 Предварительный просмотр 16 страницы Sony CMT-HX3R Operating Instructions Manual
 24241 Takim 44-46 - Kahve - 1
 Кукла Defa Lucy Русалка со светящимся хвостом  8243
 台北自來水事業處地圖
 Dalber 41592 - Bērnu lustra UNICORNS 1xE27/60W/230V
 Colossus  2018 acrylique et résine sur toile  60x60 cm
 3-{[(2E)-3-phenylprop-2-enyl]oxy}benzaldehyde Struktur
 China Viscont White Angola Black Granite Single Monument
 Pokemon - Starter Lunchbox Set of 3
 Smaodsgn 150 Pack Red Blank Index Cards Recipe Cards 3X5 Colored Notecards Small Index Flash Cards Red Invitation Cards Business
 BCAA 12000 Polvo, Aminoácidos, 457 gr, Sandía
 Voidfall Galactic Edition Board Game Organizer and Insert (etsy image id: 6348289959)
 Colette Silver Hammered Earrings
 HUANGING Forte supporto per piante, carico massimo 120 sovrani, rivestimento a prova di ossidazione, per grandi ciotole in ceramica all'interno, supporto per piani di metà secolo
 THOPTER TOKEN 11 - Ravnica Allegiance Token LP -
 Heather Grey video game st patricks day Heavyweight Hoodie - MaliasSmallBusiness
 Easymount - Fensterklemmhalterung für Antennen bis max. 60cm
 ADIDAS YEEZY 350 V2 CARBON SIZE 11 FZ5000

++++++

The response should contain only a verbatim copy of the lines from the line with "THOPTER TOKEN 11" to the final line of the records.

Problem solution:
 THOPTER TOKEN 11 - Ravnica Allegiance Token LP -
 Heather Grey video game st patricks day Heavyweight Hoodie - MaliasSmallBusiness
 Easymount - Fensterklemmhalterung für Antennen bis max. 60cm
 ADIDAS YEEZY 350 V2 CARBON SIZE 11 FZ5000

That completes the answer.